◆ EXCERPTED DATA

◆ ◆ ◆ ◆ ◆

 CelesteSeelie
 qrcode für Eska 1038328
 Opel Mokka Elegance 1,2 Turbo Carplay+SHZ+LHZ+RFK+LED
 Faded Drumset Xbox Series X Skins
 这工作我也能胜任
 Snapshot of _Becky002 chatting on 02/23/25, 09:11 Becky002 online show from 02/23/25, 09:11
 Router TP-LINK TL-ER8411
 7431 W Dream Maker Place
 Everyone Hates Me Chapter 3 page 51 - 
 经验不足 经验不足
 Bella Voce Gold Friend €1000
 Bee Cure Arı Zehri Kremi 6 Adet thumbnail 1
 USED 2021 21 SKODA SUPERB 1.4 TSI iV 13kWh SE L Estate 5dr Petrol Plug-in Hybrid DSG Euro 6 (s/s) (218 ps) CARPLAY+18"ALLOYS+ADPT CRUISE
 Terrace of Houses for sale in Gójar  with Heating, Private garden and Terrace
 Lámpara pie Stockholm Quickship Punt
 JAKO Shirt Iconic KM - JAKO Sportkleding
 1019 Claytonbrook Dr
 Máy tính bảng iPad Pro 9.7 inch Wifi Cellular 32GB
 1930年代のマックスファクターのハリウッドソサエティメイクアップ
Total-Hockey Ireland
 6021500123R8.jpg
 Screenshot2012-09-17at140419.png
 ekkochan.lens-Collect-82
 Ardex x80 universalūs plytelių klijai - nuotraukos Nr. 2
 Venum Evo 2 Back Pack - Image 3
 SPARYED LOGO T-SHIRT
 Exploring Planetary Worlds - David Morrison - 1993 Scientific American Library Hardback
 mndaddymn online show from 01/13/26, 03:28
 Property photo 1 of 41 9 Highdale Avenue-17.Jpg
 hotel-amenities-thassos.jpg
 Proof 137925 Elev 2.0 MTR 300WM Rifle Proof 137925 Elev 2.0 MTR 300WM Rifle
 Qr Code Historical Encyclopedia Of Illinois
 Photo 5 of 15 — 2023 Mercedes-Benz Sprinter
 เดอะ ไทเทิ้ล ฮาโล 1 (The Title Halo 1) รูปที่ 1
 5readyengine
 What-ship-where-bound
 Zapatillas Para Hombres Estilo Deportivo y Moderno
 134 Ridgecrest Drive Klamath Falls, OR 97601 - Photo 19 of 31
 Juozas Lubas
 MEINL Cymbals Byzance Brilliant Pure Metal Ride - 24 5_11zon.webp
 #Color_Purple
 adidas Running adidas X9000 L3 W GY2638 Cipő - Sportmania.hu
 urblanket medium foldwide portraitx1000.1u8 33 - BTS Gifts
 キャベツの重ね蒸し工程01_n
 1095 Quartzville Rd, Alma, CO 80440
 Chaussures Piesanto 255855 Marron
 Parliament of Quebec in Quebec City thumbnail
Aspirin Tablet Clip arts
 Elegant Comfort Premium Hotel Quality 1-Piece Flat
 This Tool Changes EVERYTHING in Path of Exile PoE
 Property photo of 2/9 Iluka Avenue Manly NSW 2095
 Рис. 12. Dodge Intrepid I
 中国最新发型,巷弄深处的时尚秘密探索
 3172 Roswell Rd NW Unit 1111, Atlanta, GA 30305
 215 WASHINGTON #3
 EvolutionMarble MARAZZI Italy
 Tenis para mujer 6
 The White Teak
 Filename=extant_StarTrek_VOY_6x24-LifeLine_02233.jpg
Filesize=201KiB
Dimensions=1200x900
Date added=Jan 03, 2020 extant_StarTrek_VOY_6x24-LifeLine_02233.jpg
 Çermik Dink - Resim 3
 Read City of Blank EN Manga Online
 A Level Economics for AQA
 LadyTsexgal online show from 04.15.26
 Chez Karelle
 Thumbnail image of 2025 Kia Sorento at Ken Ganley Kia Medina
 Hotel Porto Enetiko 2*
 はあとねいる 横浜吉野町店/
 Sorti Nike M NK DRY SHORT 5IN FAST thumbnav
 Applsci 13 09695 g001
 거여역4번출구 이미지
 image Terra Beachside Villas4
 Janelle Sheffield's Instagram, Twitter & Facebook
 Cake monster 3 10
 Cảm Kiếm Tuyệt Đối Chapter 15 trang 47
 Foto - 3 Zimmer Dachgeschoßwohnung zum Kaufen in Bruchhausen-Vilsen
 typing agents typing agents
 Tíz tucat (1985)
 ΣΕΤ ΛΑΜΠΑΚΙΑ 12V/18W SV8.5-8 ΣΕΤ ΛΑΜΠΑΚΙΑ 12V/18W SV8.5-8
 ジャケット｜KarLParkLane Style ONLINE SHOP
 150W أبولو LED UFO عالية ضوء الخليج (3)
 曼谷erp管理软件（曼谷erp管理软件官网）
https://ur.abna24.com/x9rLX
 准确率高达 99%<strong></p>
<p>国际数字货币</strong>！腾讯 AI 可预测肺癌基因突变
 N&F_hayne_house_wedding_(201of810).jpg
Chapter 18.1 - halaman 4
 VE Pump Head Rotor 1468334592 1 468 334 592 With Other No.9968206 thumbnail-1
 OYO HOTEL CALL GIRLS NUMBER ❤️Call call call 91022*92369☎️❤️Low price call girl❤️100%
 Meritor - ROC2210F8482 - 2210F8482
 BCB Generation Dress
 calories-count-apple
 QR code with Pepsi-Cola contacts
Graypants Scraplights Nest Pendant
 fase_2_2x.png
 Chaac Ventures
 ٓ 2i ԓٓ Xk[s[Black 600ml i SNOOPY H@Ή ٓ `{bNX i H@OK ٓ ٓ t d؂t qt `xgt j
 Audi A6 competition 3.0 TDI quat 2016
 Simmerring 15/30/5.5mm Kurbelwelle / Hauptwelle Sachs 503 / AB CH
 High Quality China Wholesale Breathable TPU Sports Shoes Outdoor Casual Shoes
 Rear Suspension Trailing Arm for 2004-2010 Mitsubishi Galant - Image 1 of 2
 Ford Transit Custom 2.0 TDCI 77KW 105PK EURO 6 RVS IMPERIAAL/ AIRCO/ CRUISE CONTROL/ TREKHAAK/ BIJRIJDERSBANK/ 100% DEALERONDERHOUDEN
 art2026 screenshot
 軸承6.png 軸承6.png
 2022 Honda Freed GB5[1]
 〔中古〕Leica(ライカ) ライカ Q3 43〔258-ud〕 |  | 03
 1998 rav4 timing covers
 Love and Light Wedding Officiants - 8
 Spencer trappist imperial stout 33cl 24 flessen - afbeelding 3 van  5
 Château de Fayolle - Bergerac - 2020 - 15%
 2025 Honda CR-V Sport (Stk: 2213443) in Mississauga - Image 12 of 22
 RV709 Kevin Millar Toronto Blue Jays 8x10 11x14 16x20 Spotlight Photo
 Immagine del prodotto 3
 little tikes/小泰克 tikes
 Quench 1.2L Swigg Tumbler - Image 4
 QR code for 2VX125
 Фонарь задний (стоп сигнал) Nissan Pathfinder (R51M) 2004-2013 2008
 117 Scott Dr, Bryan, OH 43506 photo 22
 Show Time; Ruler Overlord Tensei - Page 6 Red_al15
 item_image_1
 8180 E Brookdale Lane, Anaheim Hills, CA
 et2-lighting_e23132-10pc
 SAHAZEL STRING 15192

◆ ◆ ◆ ◆ ◆

◆ PROBLEM STATEMENT
Could you retype every line of the data exactly?

◆ FINISHED TASK
 CelesteSeelie
 qrcode für Eska 1038328
 Opel Mokka Elegance 1,2 Turbo Carplay+SHZ+LHZ+RFK+LED
 Faded Drumset Xbox Series X Skins
 这工作我也能胜任
 Snapshot of _Becky002 chatting on 02/23/25, 09:11 Becky002 online show from 02/23/25, 09:11
 Router TP-LINK TL-ER8411
 7431 W Dream Maker Place
 Everyone Hates Me Chapter 3 page 51 - 
 经验不足 经验不足
 Bella Voce Gold Friend €1000
 Bee Cure Arı Zehri Kremi 6 Adet thumbnail 1
 USED 2021 21 SKODA SUPERB 1.4 TSI iV 13kWh SE L Estate 5dr Petrol Plug-in Hybrid DSG Euro 6 (s/s) (218 ps) CARPLAY+18"ALLOYS+ADPT CRUISE
 Terrace of Houses for sale in Gójar  with Heating, Private garden and Terrace
 Lámpara pie Stockholm Quickship Punt
 JAKO Shirt Iconic KM - JAKO Sportkleding
 1019 Claytonbrook Dr
 Máy tính bảng iPad Pro 9.7 inch Wifi Cellular 32GB
 1930年代のマックスファクターのハリウッドソサエティメイクアップ
Total-Hockey Ireland
 6021500123R8.jpg
 Screenshot2012-09-17at140419.png
 ekkochan.lens-Collect-82
 Ardex x80 universalūs plytelių klijai - nuotraukos Nr. 2
 Venum Evo 2 Back Pack - Image 3
 SPARYED LOGO T-SHIRT
 Exploring Planetary Worlds - David Morrison - 1993 Scientific American Library Hardback
 mndaddymn online show from 01/13/26, 03:28
 Property photo 1 of 41 9 Highdale Avenue-17.Jpg
 hotel-amenities-thassos.jpg
 Proof 137925 Elev 2.0 MTR 300WM Rifle Proof 137925 Elev 2.0 MTR 300WM Rifle
 Qr Code Historical Encyclopedia Of Illinois
 Photo 5 of 15 — 2023 Mercedes-Benz Sprinter
 เดอะ ไทเทิ้ล ฮาโล 1 (The Title Halo 1) รูปที่ 1
 5readyengine
 What-ship-where-bound
 Zapatillas Para Hombres Estilo Deportivo y Moderno
 134 Ridgecrest Drive Klamath Falls, OR 97601 - Photo 19 of 31
 Juozas Lubas
 MEINL Cymbals Byzance Brilliant Pure Metal Ride - 24 5_11zon.webp
 #Color_Purple
 adidas Running adidas X9000 L3 W GY2638 Cipő - Sportmania.hu
 urblanket medium foldwide portraitx1000.1u8 33 - BTS Gifts
 キャベツの重ね蒸し工程01_n
 1095 Quartzville Rd, Alma, CO 80440
 Chaussures Piesanto 255855 Marron
 Parliament of Quebec in Quebec City thumbnail
Aspirin Tablet Clip arts
 Elegant Comfort Premium Hotel Quality 1-Piece Flat
 This Tool Changes EVERYTHING in Path of Exile PoE
 Property photo of 2/9 Iluka Avenue Manly NSW 2095
 Рис. 12. Dodge Intrepid I
 中国最新发型,巷弄深处的时尚秘密探索
 3172 Roswell Rd NW Unit 1111, Atlanta, GA 30305
 215 WASHINGTON #3
 EvolutionMarble MARAZZI Italy
 Tenis para mujer 6
 The White Teak
 Filename=extant_StarTrek_VOY_6x24-LifeLine_02233.jpg
Filesize=201KiB
Dimensions=1200x900
Date added=Jan 03, 2020 extant_StarTrek_VOY_6x24-LifeLine_02233.jpg
 Çermik Dink - Resim 3
 Read City of Blank EN Manga Online
 A Level Economics for AQA
 LadyTsexgal online show from 04.15.26
 Chez Karelle
 Thumbnail image of 2025 Kia Sorento at Ken Ganley Kia Medina
 Hotel Porto Enetiko 2*
 はあとねいる 横浜吉野町店/
 Sorti Nike M NK DRY SHORT 5IN FAST thumbnav
 Applsci 13 09695 g001
 거여역4번출구 이미지
 image Terra Beachside Villas4
 Janelle Sheffield's Instagram, Twitter & Facebook
 Cake monster 3 10
 Cảm Kiếm Tuyệt Đối Chapter 15 trang 47
 Foto - 3 Zimmer Dachgeschoßwohnung zum Kaufen in Bruchhausen-Vilsen
 typing agents typing agents
 Tíz tucat (1985)
 ΣΕΤ ΛΑΜΠΑΚΙΑ 12V/18W SV8.5-8 ΣΕΤ ΛΑΜΠΑΚΙΑ 12V/18W SV8.5-8
 ジャケット｜KarLParkLane Style ONLINE SHOP
 150W أبولو LED UFO عالية ضوء الخليج (3)
 曼谷erp管理软件（曼谷erp管理软件官网）
https://ur.abna24.com/x9rLX
 准确率高达 99%<strong></p>
<p>国际数字货币</strong>！腾讯 AI 可预测肺癌基因突变
 N&F_hayne_house_wedding_(201of810).jpg
Chapter 18.1 - halaman 4
 VE Pump Head Rotor 1468334592 1 468 334 592 With Other No.9968206 thumbnail-1
 OYO HOTEL CALL GIRLS NUMBER ❤️Call call call 91022*92369☎️❤️Low price call girl❤️100%
 Meritor - ROC2210F8482 - 2210F8482
 BCB Generation Dress
 calories-count-apple
 QR code with Pepsi-Cola contacts
Graypants Scraplights Nest Pendant
 fase_2_2x.png
 Chaac Ventures
 ٓ 2i ԓٓ Xk[s[Black 600ml i SNOOPY H@Ή ٓ `{bNX i H@OK ٓ ٓ t d؂t qt `xgt j
 Audi A6 competition 3.0 TDI quat 2016
 Simmerring 15/30/5.5mm Kurbelwelle / Hauptwelle Sachs 503 / AB CH
 High Quality China Wholesale Breathable TPU Sports Shoes Outdoor Casual Shoes
 Rear Suspension Trailing Arm for 2004-2010 Mitsubishi Galant - Image 1 of 2
 Ford Transit Custom 2.0 TDCI 77KW 105PK EURO 6 RVS IMPERIAAL/ AIRCO/ CRUISE CONTROL/ TREKHAAK/ BIJRIJDERSBANK/ 100% DEALERONDERHOUDEN
 art2026 screenshot
 軸承6.png 軸承6.png
 2022 Honda Freed GB5[1]
 〔中古〕Leica(ライカ) ライカ Q3 43〔258-ud〕 |  | 03
 1998 rav4 timing covers
 Love and Light Wedding Officiants - 8
 Spencer trappist imperial stout 33cl 24 flessen - afbeelding 3 van  5
 Château de Fayolle - Bergerac - 2020 - 15%
 2025 Honda CR-V Sport (Stk: 2213443) in Mississauga - Image 12 of 22
 RV709 Kevin Millar Toronto Blue Jays 8x10 11x14 16x20 Spotlight Photo
 Immagine del prodotto 3
 little tikes/小泰克 tikes
 Quench 1.2L Swigg Tumbler - Image 4
 QR code for 2VX125
 Фонарь задний (стоп сигнал) Nissan Pathfinder (R51M) 2004-2013 2008
 117 Scott Dr, Bryan, OH 43506 photo 22
 Show Time; Ruler Overlord Tensei - Page 6 Red_al15
 item_image_1
 8180 E Brookdale Lane, Anaheim Hills, CA
 et2-lighting_e23132-10pc
 SAHAZEL STRING 15192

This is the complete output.